Brazil is where the sound and groove of this fusion samba tune comes from. Brazilian music has become a staple part of the jazz repetoire ever since the soft syncopated rhythms of Joao Gilberto, Antonio Carlos Jobim, Louis Bonfi, Stan Getz, and others burst onto the scene with the Bossa Nova in the late fifties and sixties. The latin rhythmic vocabulary continued to grow in jazz with the music of Chick Corea, Al DiMeola, Carlos Santana, and many more gifted artists. My own interest in the music of Brazil and South America grew, and this tune is a statement of my deep connection with Brazil, even if from a distance.

The song's title "Gone Today, Here Tomorrow" is indeed the reverse from the well known saying of "Here Today, Gone Tomorrow." I felt that the latter saying has a negative ring to it, in that good things in life are experienced only for a moment but inevitably disappear quickly. I'm too far along in life to pretend any naivete about the fleeting gifts we may receive during our days on this planet or the futility of trying to hang on to them or own them forever since life itself cannot last forever. So I wanted to give these words a more positive spin by implying that gifts not yet seen or experienced could easily appear at any moment. For me it expresses a sense of hope instead anticipating the loss of what we may have now.

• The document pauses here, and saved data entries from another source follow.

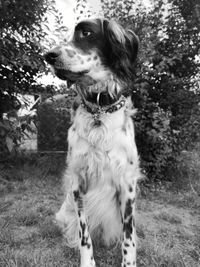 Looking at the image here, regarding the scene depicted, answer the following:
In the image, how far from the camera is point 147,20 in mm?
4469

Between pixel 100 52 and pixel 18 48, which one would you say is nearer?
pixel 100 52

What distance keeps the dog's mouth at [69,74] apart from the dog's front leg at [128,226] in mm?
809

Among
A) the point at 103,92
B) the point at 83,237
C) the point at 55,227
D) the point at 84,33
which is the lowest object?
the point at 55,227

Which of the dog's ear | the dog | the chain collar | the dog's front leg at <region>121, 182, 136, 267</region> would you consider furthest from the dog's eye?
the dog's front leg at <region>121, 182, 136, 267</region>

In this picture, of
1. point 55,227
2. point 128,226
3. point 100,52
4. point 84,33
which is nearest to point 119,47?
point 100,52

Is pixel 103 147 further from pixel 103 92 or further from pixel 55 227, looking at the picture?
pixel 55 227

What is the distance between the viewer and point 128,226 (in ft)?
8.21

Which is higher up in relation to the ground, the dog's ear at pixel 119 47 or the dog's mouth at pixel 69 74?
the dog's ear at pixel 119 47

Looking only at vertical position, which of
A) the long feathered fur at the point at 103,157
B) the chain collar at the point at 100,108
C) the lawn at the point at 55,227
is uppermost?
the chain collar at the point at 100,108

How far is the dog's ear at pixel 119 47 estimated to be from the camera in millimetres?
2473

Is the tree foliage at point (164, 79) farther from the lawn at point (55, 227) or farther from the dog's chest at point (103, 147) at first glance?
the dog's chest at point (103, 147)

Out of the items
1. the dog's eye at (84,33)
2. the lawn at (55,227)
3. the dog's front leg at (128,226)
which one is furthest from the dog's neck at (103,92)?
the lawn at (55,227)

The song is in a 2/2 or "cut-time" rhythm which lends the feeling of a samba movement, the national and cultural music basis of Brazil. The fingerpicked groove of the nylon string guitar, along with the bass and vibes doubling on the tonic in a pedal tone, introduces and establishes the rhythmic underpinning of the piece on an F#min/sus4 chord for eight bars. Soprano sax enters on the "A" section (two bars on F#min/sus4-two bars on Emin/F#bass-4four bars F#min/sus4 played twice) with the almost Asian-like melody which is doubled by the vibes. Strong percussive "hits" by the vibes at the end of each phrase help "kick" the melody into next one. Now the bass explodes with a musical phrase that thrusts the music into the "B" section (four bars on Emin9-four bars on F#min/sus4 played twice) with a muted mandolin playing back beats to help propel the forward motion of the rhythm. The entire "A" section is repeated, but the "B" section on the second time around moves into an ending different from the first, moving into its own coda which completes the form on a suspended C#7alt harmony that is held through four measures of the 2/2 time signature (four bars Emin9-four bars F#min/sus..once..then four bars Cmaj/add9 to four bars C#7alt.) The tension of this C#7alt chord is released back into the first 16 bar melodic phrase but with a heightened energy. Also, after the 16 bars an extra "piece" of "A" melody is added over two bars on F#min/sus4 and four bars on the Emin9/F#bass which is left hanging , sustained over the space. The song returns to four bars of the intro chords and then the solos begin. Steel string guitar takes the first solo on the whole form, followed by the soprano on the same. The melody returns with soprano and vibes to complete the song structure with its forte energy continuing unabated, and is propelled into the last Emin/F#bass chord held in suspension and fading. In the wide space following, an unexpected solo melodic voice is heard played by the nylon string guitar. The phrase is played rubato, freed from the driving rhythm of the piece. With a pianissimo and upward arching movement, the guitar line brings the tune to a poignant ending with a high F# tone doubled with a lower octave to keep the sound rich. This final tone is joined by the vibraphone, so that what we hear last is four tones, an F# note doubled in octaves, and leaving the listener with the reverberating memory of a small soft bell.